### WORK REQUIRED
Below are the records; return exactly the lines from the one with "Капсулы для посудомоечной" through the final line, both included, minus any pictures.

Web page caption snippets
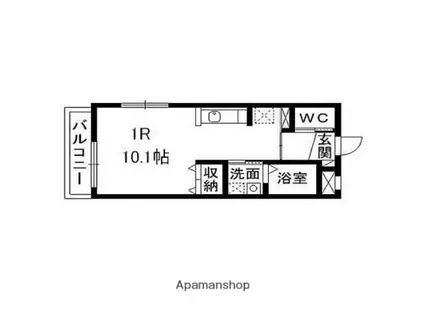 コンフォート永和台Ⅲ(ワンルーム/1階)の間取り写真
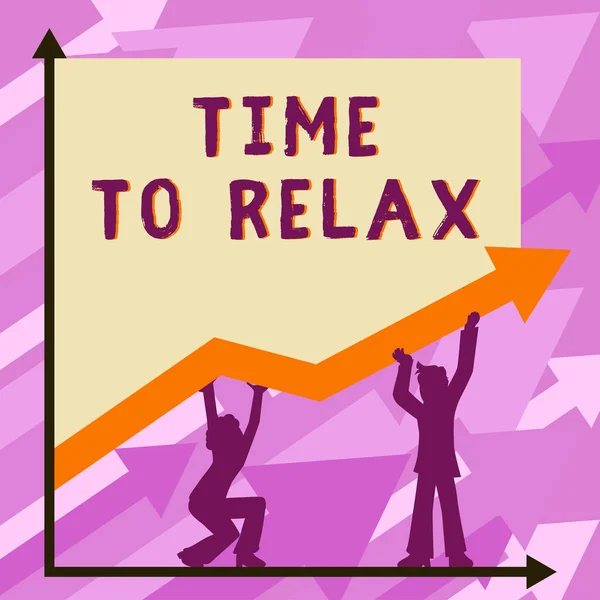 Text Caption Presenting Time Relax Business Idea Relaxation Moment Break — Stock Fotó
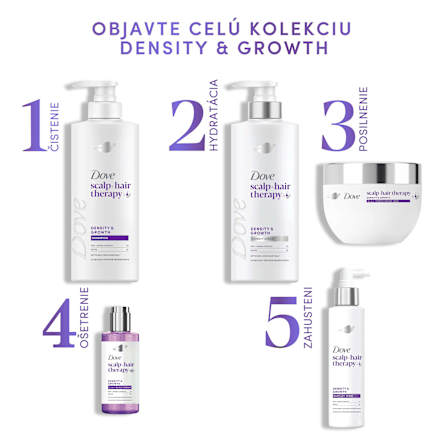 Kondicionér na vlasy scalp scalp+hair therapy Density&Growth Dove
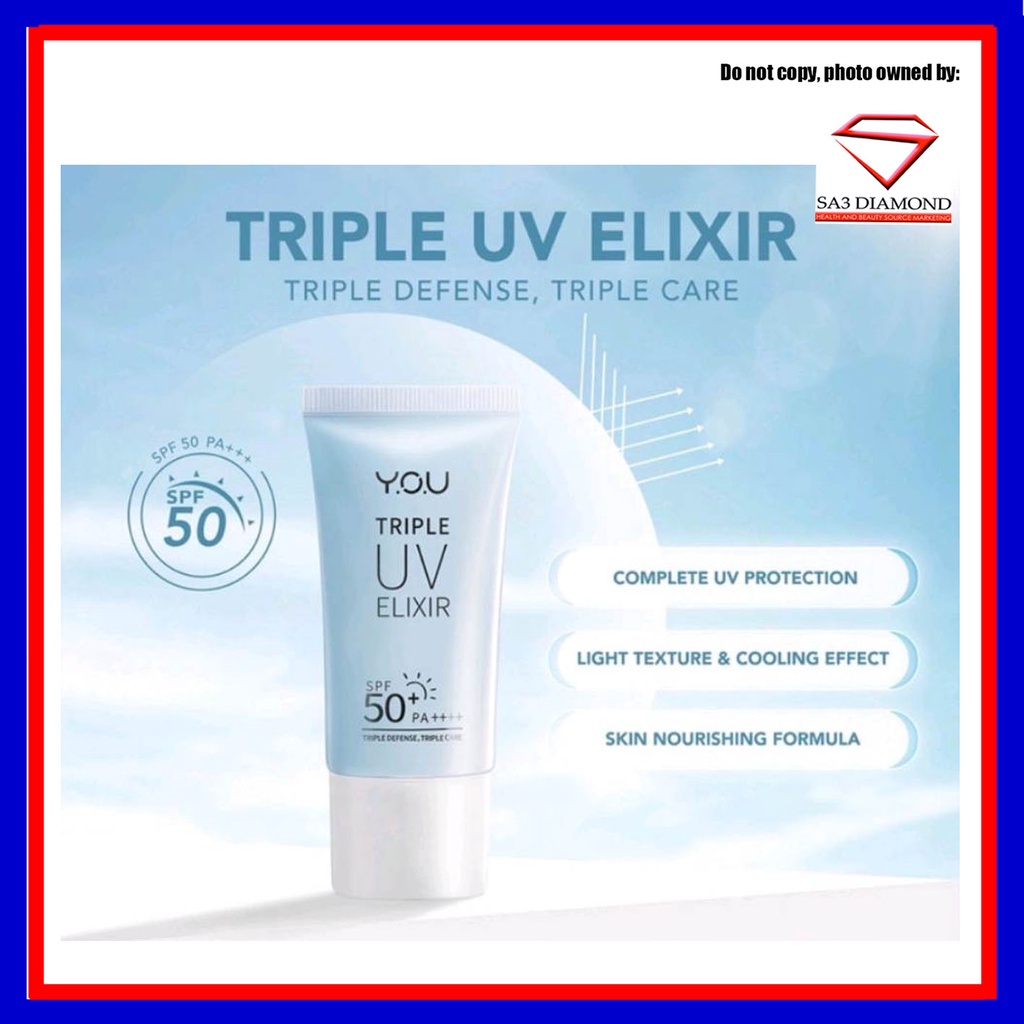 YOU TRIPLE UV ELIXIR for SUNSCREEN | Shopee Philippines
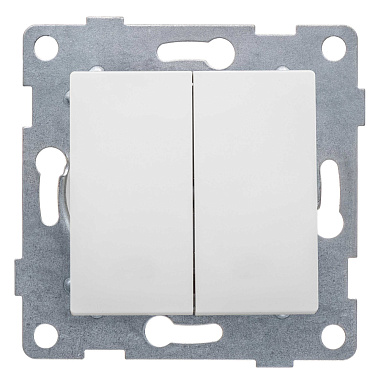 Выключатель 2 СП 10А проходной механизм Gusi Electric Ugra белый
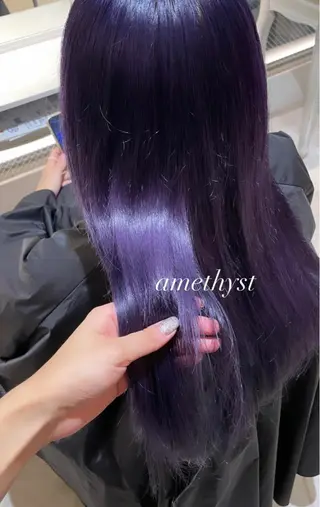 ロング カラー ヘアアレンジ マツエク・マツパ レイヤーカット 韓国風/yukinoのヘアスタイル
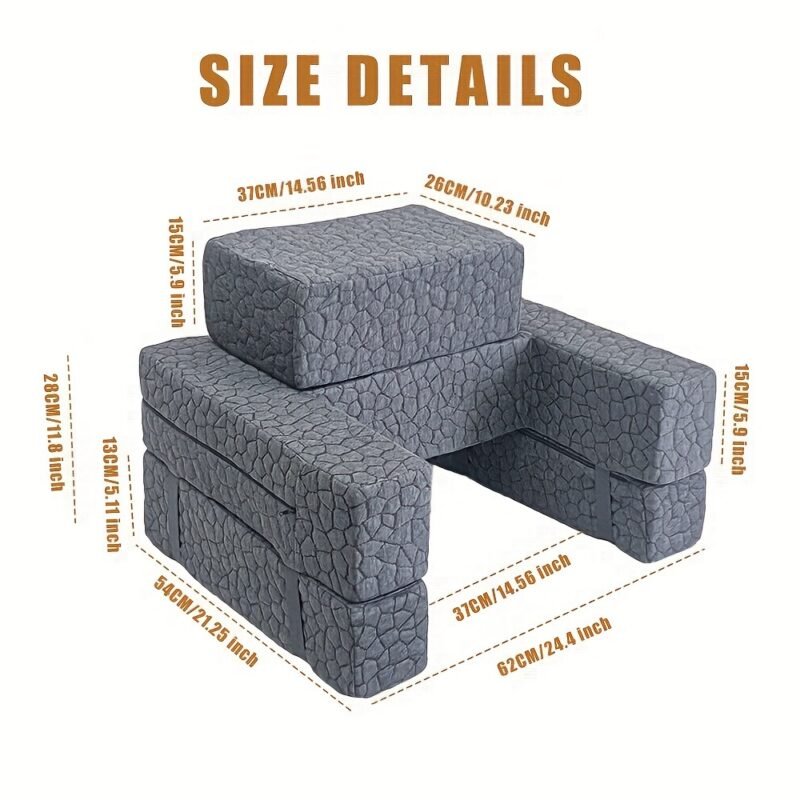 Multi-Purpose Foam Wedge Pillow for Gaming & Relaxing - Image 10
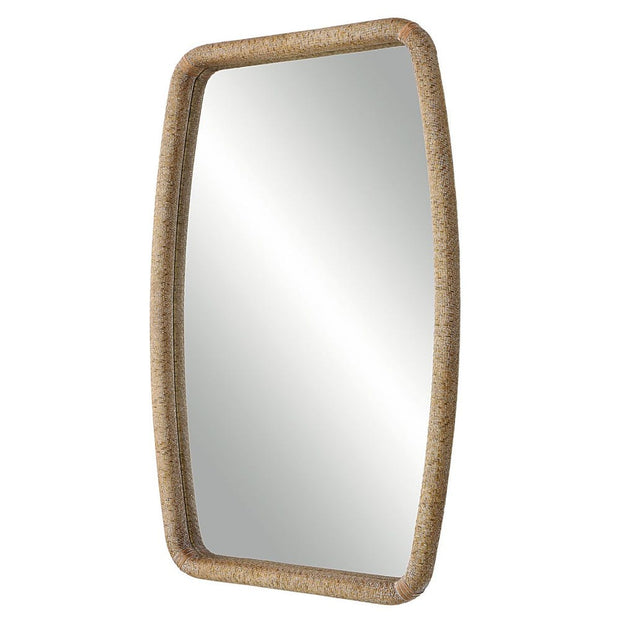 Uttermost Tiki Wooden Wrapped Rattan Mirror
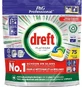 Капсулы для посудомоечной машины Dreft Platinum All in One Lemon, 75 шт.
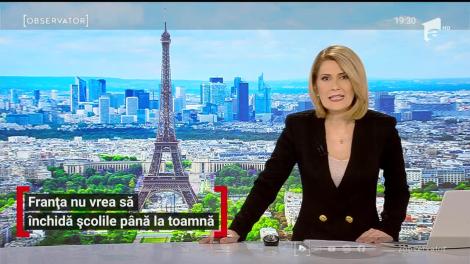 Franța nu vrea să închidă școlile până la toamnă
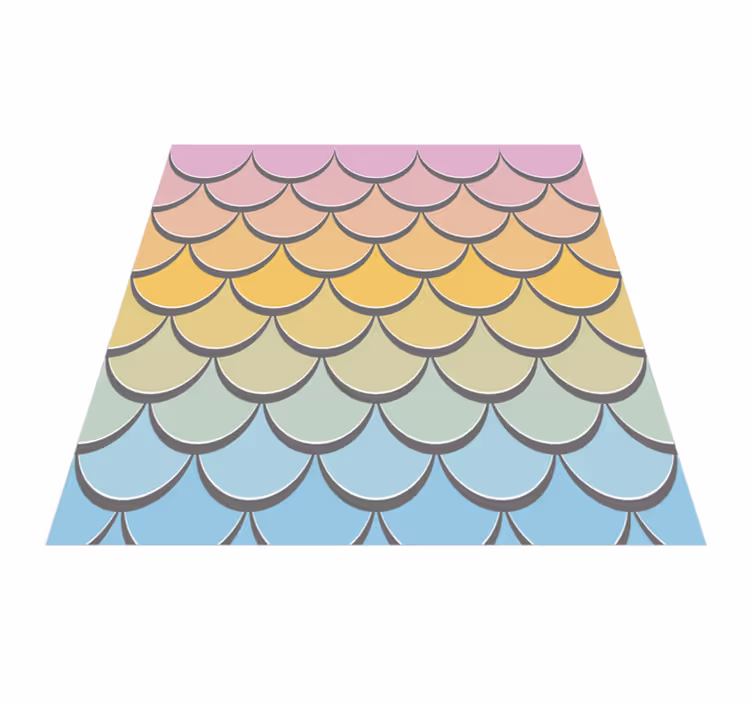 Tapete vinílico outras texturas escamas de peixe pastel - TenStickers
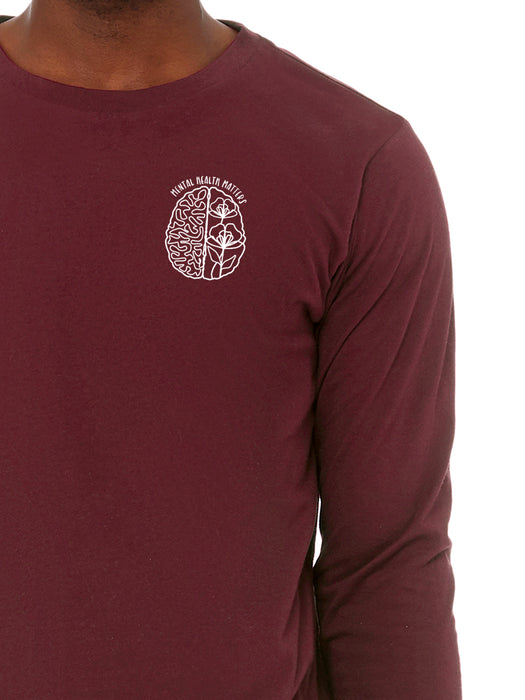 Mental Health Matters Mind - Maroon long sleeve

### FINISHED TASK
 Капсулы для посудомоечной машины Dreft Platinum All in One Lemon, 75 шт.
 Franța nu vrea să închidă școlile până la toamnă
 Tapete vinílico outras texturas escamas de peixe pastel - TenStickers
 Mental Health Matters Mind - Maroon long sleeve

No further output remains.